And lo...a voice cried out from the wilderness
Continuing in Verbal Jazz's long line of trying to interpret and comprehend the various search items that bring you, the reader to this site:
1. Nomar and Mia: Like the flabby Arnold Scwarzenegger, searches for Nomar and Mia have taken on a life of their own. Mostly people want to know if they are having sex, presumably to fantasize about having sex with one or the other or both, I mean if you are into that sort of thing.
2. Verbal Jazz: somebody was actually looking for this site, believe it or not.
3. Gary Coleman playing basketball: Next Shaq rides Empire Maker in next year's Triple Crown.
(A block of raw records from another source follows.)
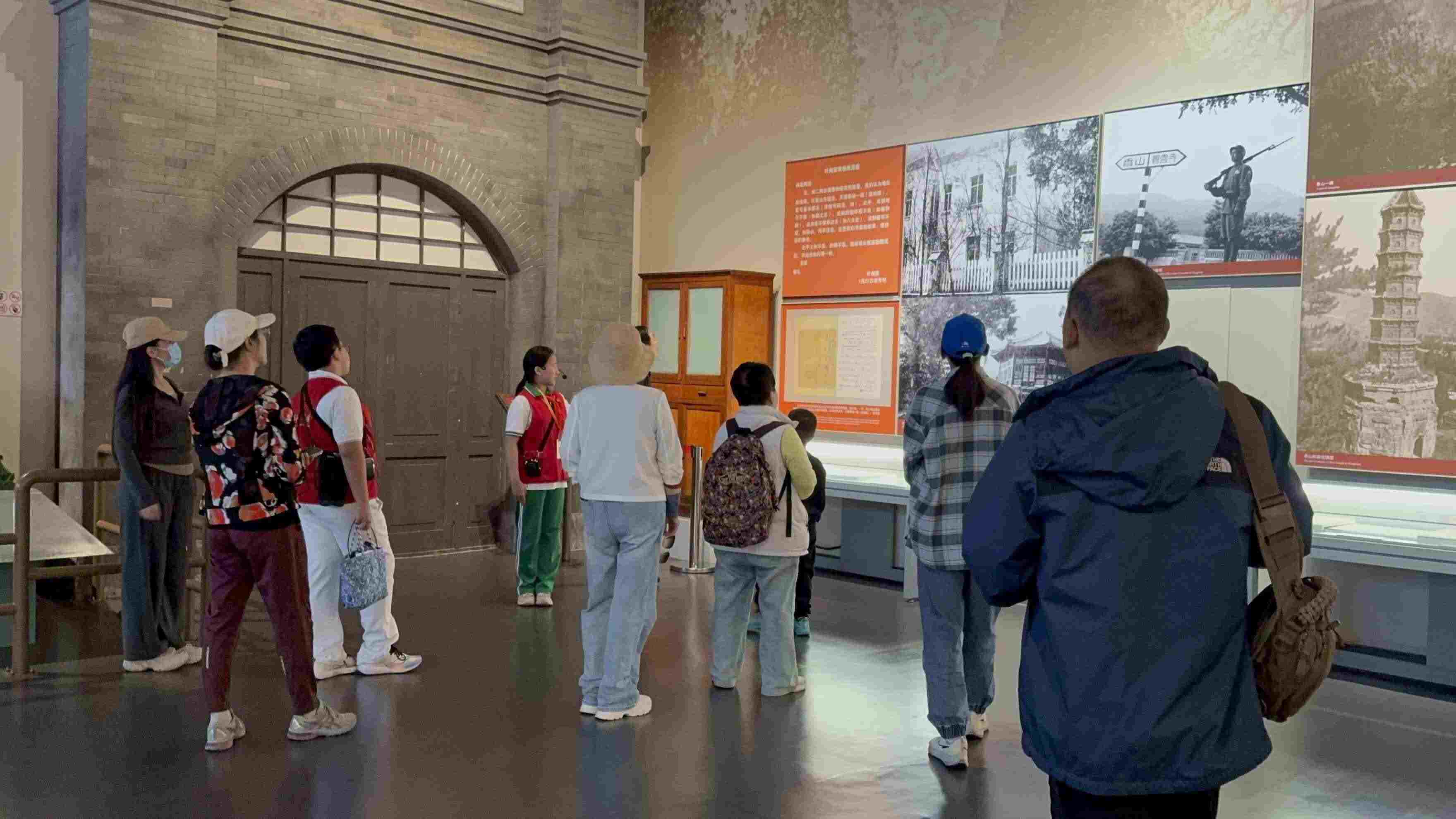 10月4日，北京香山革命紀念館內(nèi)，一名“紅領(lǐng)巾志愿者”正在為參觀者講解。人民網(wǎng)記者 劉微攝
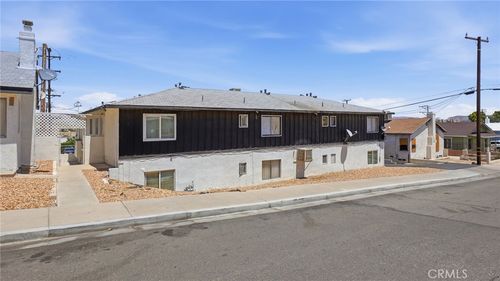 511 E Fredricks St, Barstow, CA, 92311-2948 | Card Image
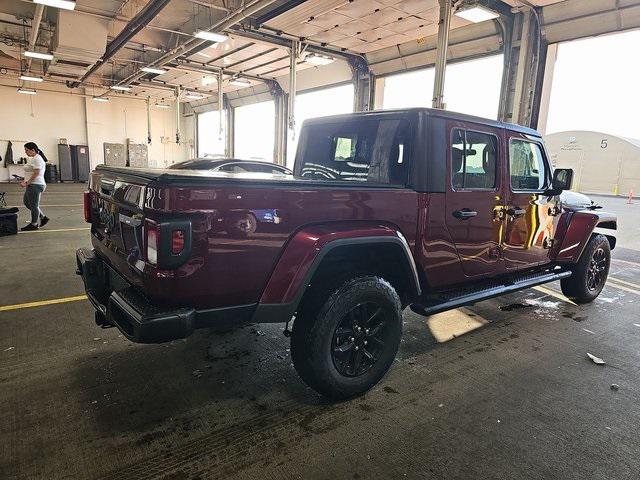 Photo of 2022 Snazzberry Pearlcoat Jeep Gladiator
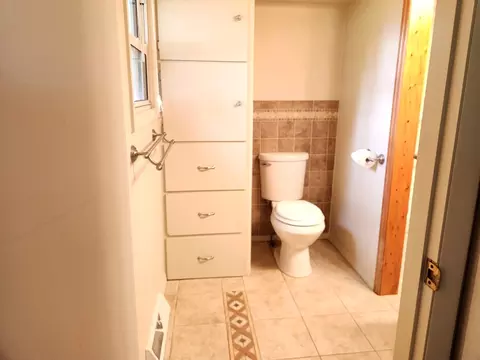 Bath - 211 E Depew St, Odin, IL 62870 photo 2 of 3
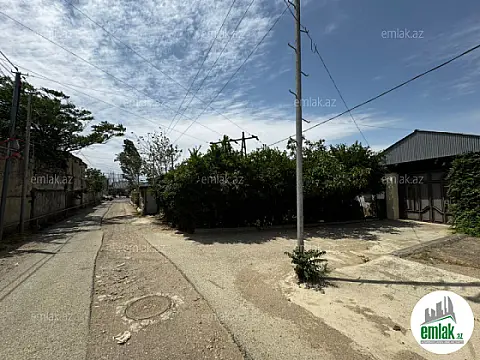 Satılır 4 otaqlı həyət evi 130 m²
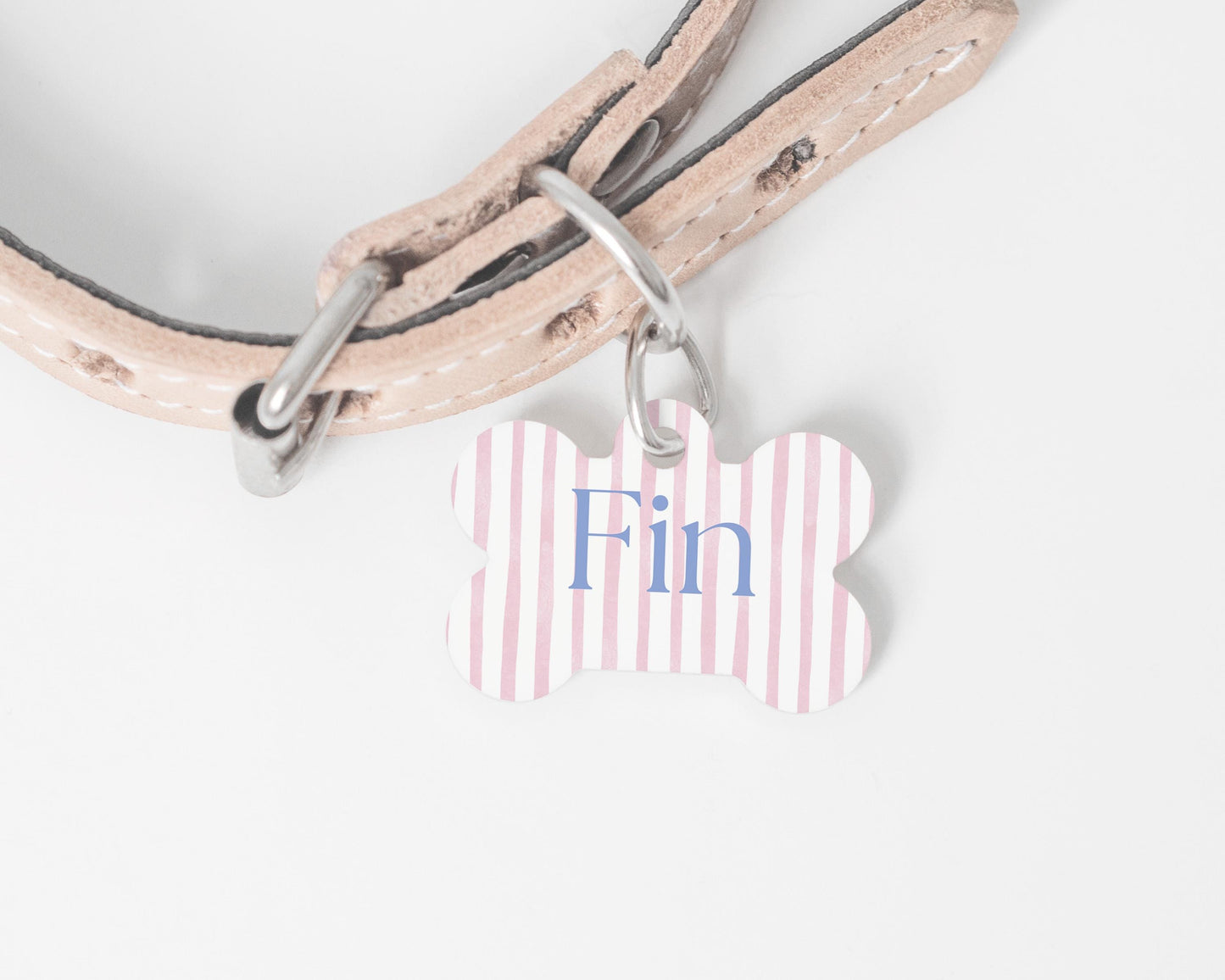 Gepersonaliseerde Hondenpenning - Roze strepen | MDF Naamplaatje voor Hond of Kat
4. David Souter a virgin: I can just see the documentary now, "The Secret Sex Lives of Supreme Court Justices." We already know about Long John Silver, but the virginity of David Souter would be a revelation. Who wouldn't want to know about the other justices as well?
5. Applebee's restaurant critique: Applebee's isn't really the kind of restaurant one critiques. You know what you are going to get when you get there: passable food that won't exactly knock your socks off. Verbal Jazz once went so far as to
critique Applebee's advertising campaign, because, when one actually analyzes "Eatin' good in the neighborhood," one realizes that it is grammatically and factually incorrect, but maybe I am just being picky. Verbal Jazz has no plans to get into restaurant criticism.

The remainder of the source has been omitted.